Generalized Estimating Equations and Gaussian Estimation in Longitudinal Data Analysis

Xuemao Zhang, University of Windsor


In this dissertation, we first develop a Gaussian estimation procedure for the estimation of regression parameters in correlated (longitudinal) binary response data using working correlation matrix and compare this method with the GEE (generalized estimating equations) method and the weighted GEE method. A Newton-Raphson algorithm is derived for estimating the regression parameters from the Gaussian likelihood estimating equations for known correlation parameters. The correlation parameters of the working correlation matrix are estimated by the method of moments.
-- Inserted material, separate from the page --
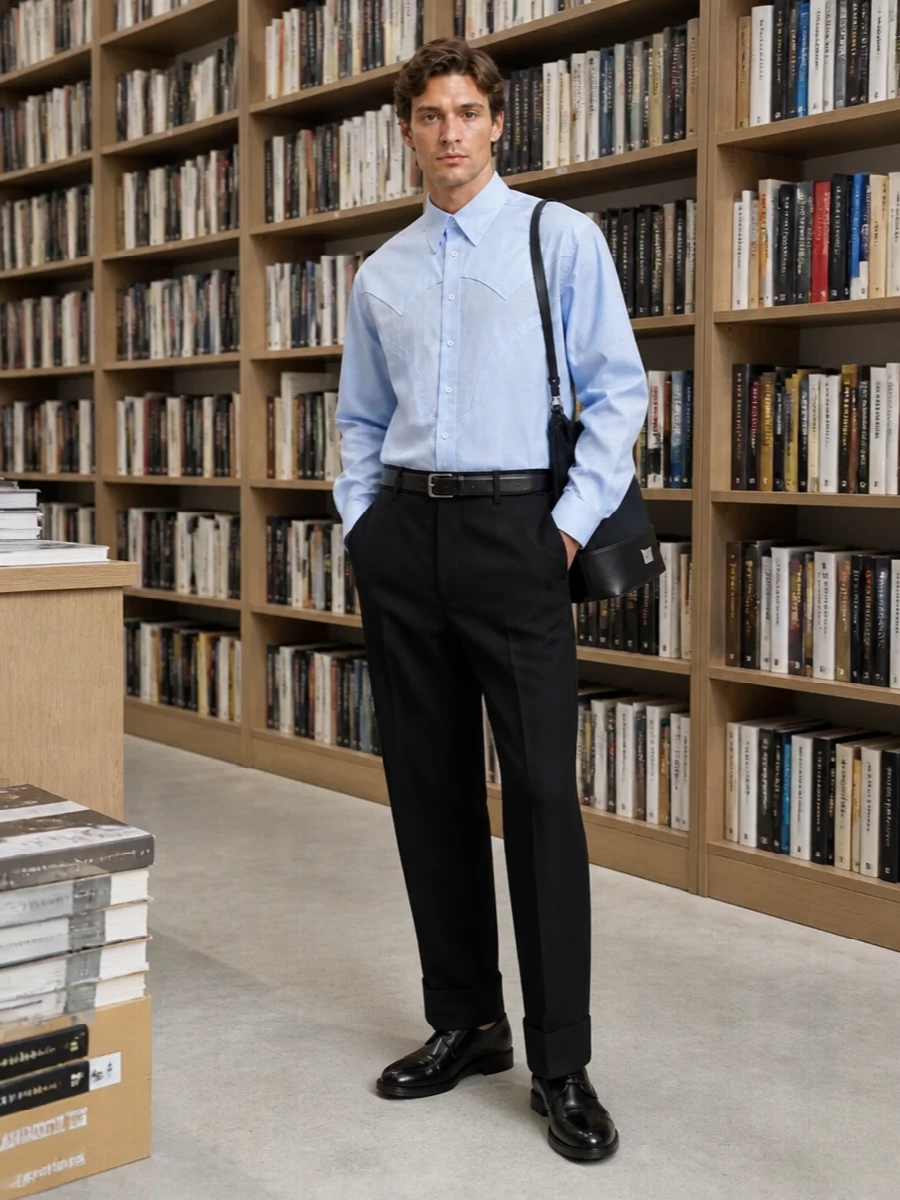 Pale blue Margiela shirting is anchored by a relaxed black tailored trouser for a clean, quietly formal base. Polished black derbies and a slim black belt keep the line sharp, while the structured black shoulder bag adds subtle Margiela attitude without disturbing the restrained palette. The result is a precise, office-ready ensemble that still feels soft and modern in proportion.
Consistency properties of the estimators are discussed. A simulation comparison of efficiency of the Gaussian estimates and the GEE estimates of the regression parameters shows that the Gaussian estimates using the unstructured correlation matrix of the responses for a subject are, in general, more efficient than those by the other methods compared. The next best are the Gaussian estimates using the general autocorrelation structure. Two data sets are analyzed and a discussion is given. The main advantage of GEE is its asymptotic unbiased estimation of the marginal regression coefficients even if the correlation structure is misspecified. However, the technique requires that the sample size should be large. In this dissertation, two bias corrected GEE estimators of the regression parameters in longitudinal data are proposed when the sample size is small. Simulations show that the proposed methods do well in reducing bias and have, in general, higher efficiency than the GEE estimates. Two examples are analyzed and a discussion is given. The current GEE method focuses on the modeling of the working correlation matrix assuming a known variance function. However, Wang and Lin (2005) showed that if the variance function is misspecified, the correct choice of the correlation structure may not necessarily improve estimation efficiency for the regression parameters. In this dissertation, we propose a GEE approach to estimate the variance parameters when the form of the variance function is known. This estimation approach borrows the idea of Davidian and Carroll (1987) by solving a non-linear regression problem where residuals are regarded as the responses and the variance function is regarded as the regression function. Simulations show that the proposed method performs as well as the modified pseudolikelihood approach developed by Wang and Zhao (2007).